Optimus Prime is relegated to the sidelines for this terrific Transformers origin story, in which autobot Bumblebee comes to Earth and befriends an unhappy teen (Steinfeld). There’s unexpected humour – Bumblebee, who happens to have shown up in the late 1980s, learns that the Smiths are an acquired taste – and a sweet nostalgic glow that reaches back to E.T., Short Circuit and even The Love Bug.

Bird Box

In the unnervingly intense Bird Box, the world has gone mad – and we don’t mean just Brexit, Paris or Trump meeting Pelosi.

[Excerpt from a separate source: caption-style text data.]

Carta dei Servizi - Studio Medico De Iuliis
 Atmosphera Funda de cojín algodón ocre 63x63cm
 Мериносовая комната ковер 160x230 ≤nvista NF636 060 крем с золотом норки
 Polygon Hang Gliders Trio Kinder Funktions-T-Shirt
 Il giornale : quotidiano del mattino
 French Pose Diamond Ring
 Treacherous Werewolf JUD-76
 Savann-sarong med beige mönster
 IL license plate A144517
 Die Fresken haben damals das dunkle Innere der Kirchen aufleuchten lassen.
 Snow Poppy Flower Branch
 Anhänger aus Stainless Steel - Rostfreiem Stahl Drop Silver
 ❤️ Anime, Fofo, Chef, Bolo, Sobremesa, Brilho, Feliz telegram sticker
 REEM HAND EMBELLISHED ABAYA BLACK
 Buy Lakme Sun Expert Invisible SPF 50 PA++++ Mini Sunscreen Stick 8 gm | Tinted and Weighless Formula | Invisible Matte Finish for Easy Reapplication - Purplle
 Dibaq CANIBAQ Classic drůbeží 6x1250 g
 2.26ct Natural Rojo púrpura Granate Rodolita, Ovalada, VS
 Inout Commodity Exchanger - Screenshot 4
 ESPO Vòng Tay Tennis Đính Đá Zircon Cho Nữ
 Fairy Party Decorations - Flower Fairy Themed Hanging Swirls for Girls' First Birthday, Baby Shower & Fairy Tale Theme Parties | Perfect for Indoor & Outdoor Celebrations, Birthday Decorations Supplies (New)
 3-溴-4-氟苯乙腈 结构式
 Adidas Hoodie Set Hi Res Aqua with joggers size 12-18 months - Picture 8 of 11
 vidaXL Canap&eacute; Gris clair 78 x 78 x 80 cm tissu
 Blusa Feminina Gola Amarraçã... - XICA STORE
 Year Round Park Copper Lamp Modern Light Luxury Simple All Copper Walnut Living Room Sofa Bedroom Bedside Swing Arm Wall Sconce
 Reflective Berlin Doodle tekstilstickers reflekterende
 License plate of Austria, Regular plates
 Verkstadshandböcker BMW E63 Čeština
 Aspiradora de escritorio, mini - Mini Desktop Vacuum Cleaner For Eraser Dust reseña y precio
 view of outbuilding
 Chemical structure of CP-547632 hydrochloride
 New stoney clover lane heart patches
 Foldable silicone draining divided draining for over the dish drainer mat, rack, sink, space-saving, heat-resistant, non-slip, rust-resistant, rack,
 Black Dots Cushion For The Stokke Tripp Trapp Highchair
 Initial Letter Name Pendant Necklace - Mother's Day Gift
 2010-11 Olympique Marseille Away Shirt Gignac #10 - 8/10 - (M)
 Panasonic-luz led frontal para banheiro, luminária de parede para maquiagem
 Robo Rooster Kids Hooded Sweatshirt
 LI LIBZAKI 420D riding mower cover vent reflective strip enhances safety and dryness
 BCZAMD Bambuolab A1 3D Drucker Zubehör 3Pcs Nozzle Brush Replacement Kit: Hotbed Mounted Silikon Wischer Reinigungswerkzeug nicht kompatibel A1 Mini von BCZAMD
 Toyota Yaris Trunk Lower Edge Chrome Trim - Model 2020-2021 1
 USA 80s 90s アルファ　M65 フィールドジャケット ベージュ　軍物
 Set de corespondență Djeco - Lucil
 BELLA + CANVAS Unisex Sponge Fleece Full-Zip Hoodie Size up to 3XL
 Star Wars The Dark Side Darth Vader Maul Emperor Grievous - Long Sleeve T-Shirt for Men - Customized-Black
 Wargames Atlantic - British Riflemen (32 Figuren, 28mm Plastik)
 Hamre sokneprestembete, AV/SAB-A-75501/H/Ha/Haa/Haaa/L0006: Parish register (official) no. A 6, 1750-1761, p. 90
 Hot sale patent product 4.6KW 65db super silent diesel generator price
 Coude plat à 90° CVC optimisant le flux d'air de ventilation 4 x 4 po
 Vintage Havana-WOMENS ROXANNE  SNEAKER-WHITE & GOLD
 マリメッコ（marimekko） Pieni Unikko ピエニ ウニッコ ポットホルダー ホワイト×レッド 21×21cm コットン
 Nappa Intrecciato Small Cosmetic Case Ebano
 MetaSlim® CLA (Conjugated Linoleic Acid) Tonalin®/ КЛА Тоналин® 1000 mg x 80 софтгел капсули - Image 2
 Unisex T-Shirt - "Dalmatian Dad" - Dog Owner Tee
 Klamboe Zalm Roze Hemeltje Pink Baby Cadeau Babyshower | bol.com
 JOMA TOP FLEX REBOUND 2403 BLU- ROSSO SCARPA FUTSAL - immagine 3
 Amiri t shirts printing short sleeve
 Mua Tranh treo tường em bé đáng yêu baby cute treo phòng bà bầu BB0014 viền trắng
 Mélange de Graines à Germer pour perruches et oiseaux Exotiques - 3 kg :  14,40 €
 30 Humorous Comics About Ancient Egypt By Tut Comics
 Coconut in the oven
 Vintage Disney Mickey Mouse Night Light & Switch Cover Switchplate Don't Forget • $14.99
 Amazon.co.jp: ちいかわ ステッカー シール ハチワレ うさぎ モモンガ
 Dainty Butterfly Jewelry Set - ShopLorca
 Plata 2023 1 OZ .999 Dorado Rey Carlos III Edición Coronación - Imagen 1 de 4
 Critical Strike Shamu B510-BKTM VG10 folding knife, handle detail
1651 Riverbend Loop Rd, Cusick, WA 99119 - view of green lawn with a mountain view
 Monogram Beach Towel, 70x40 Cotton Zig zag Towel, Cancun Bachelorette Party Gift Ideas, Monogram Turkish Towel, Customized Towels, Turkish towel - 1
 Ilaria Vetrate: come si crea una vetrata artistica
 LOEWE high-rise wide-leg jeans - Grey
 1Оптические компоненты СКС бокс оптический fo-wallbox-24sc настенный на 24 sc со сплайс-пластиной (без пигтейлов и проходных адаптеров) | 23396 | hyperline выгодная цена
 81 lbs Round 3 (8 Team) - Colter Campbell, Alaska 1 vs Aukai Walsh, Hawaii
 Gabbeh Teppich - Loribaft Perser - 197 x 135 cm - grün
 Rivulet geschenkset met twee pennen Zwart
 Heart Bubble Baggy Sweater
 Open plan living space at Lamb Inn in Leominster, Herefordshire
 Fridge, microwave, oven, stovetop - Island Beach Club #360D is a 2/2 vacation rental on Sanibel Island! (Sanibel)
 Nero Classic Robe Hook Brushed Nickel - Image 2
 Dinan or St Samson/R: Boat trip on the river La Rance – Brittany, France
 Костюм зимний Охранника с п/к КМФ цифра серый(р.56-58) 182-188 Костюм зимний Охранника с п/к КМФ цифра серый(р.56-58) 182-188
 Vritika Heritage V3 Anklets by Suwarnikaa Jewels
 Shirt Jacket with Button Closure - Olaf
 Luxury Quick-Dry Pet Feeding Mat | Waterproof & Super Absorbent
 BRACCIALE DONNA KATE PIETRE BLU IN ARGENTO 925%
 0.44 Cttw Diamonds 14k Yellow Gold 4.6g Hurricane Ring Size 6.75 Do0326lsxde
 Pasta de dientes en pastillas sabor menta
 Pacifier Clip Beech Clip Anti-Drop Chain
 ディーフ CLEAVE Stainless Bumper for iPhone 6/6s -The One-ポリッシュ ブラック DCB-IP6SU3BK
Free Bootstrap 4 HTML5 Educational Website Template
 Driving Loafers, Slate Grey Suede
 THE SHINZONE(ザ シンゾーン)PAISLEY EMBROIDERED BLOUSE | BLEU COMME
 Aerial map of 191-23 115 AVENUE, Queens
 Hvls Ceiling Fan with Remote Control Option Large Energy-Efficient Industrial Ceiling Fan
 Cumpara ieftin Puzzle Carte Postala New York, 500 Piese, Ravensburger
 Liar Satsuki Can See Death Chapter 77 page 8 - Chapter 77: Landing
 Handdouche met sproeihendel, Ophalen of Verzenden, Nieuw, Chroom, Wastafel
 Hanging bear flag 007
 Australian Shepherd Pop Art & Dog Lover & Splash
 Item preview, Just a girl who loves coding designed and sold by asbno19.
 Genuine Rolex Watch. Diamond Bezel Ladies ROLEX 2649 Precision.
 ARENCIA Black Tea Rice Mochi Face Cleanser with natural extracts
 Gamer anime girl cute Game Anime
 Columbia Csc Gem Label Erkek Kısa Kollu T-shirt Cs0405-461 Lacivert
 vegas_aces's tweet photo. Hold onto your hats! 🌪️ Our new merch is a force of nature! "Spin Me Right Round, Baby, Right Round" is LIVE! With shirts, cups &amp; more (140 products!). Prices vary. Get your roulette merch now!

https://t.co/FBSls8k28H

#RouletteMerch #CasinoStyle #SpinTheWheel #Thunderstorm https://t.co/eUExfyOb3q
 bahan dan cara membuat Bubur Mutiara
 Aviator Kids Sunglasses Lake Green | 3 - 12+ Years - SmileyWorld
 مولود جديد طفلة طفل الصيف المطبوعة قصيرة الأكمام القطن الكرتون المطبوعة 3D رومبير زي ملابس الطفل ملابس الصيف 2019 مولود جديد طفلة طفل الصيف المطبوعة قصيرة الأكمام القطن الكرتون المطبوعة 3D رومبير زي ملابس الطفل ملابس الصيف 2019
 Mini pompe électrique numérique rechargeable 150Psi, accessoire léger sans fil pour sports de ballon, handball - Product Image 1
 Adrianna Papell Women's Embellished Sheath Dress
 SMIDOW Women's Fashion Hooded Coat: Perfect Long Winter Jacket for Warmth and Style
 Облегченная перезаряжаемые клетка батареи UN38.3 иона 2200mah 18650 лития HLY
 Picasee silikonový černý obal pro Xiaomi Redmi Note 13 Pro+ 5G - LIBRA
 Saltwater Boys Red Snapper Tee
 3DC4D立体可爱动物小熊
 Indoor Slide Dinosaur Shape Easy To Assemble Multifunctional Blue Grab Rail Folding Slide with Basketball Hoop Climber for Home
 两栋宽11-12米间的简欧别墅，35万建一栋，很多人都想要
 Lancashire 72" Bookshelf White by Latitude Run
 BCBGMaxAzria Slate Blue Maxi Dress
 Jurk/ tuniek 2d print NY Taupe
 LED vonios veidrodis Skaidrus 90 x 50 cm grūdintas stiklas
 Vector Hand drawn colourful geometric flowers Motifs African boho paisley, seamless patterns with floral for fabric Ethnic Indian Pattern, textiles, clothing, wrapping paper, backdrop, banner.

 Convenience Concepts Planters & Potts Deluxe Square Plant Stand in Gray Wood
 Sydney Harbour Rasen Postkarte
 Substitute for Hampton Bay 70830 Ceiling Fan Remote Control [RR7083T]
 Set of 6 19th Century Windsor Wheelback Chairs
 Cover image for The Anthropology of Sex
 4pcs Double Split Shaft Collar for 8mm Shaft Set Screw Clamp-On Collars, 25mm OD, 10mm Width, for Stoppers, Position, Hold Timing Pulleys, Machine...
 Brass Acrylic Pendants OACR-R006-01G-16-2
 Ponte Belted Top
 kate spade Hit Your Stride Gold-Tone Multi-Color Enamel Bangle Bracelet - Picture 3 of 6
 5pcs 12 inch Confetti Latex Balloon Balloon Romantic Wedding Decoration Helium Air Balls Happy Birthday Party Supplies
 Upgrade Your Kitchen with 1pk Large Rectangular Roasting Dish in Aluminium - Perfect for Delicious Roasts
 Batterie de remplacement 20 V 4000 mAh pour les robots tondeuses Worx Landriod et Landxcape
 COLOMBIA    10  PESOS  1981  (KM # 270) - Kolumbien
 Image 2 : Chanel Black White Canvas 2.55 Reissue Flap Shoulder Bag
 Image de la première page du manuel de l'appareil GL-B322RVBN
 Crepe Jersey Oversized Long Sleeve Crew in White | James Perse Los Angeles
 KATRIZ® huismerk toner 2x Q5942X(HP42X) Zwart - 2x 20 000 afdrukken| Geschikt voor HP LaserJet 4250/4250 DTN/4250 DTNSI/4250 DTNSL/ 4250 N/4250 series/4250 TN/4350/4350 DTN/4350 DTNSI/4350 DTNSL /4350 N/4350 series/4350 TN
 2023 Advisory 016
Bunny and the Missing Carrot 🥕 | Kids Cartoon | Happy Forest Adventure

An inexplicable force – possibly invisible aliens, possibly an airborne bio-warfare agent – has caused most of the population to die by violent suicide. The only way to survive is to paper over the windows and keep your eyes averted from “it,” which passes over you like a biblical plague. Bullock, as a woman who’s lived with this hell for as long as she can, learns that there’s a sanctuary downriver, past some white-water rapids — over which she and two children will have to canoe blindfolded. It’s a sci-fiDeliverance. 

Vice

Christian Bale put on 40 lbs. – he looks like a blood-engorged tick – to deliver an impeccable impersonation of Dick Cheney, the most controversial Vice President of the past century. Directed by Adam McKay, Vice dislikes Cheney too thoroughly to bother to make him interesting – the film almost seems to suggest that he didn’t deserve the fresh young heart that replaced his rotten old one in 2012. It’s the funny, vinegary supporting cast that makes this a hoot: Amy Adams as wife Lynne, Sam Rockwell as George W. Bush and Steve Carrel, barking with laughter, as Donald Rumsfeld. 

The Mule

Director Clint Eastwood plays Earl, who once ran a nice little operation growing daylilies. But the business has wilted and died, and his alienated family still smarts from years of neglect. He’s the Lear of horticulture. Then he finds work as a drug mule, transporting cocaine in his pickup. Earl isn’t too concerned about the criminality of all this – he’s tickled, in fact, to donate the pay to his VFW hall. Mule doesn’t always hold together, but this feels less like implausibility than like life’s own fragility: You can blossom more than once, but each time the petals are fewer and fall faster. At 88 Eastwood knows some things. 

Watership Down

Only a courageously foolish imagination would ask us to believe that one rabbit would say to another: “The fields are filled with blood.” More, that this rabbit is a seer envisioning the apocalypse. Novelist Richard Adams was a visionary himself: His dark fantasy about the bunny-verse, adapted into a cartoon mini-series, is enthralling. Not for kiddies.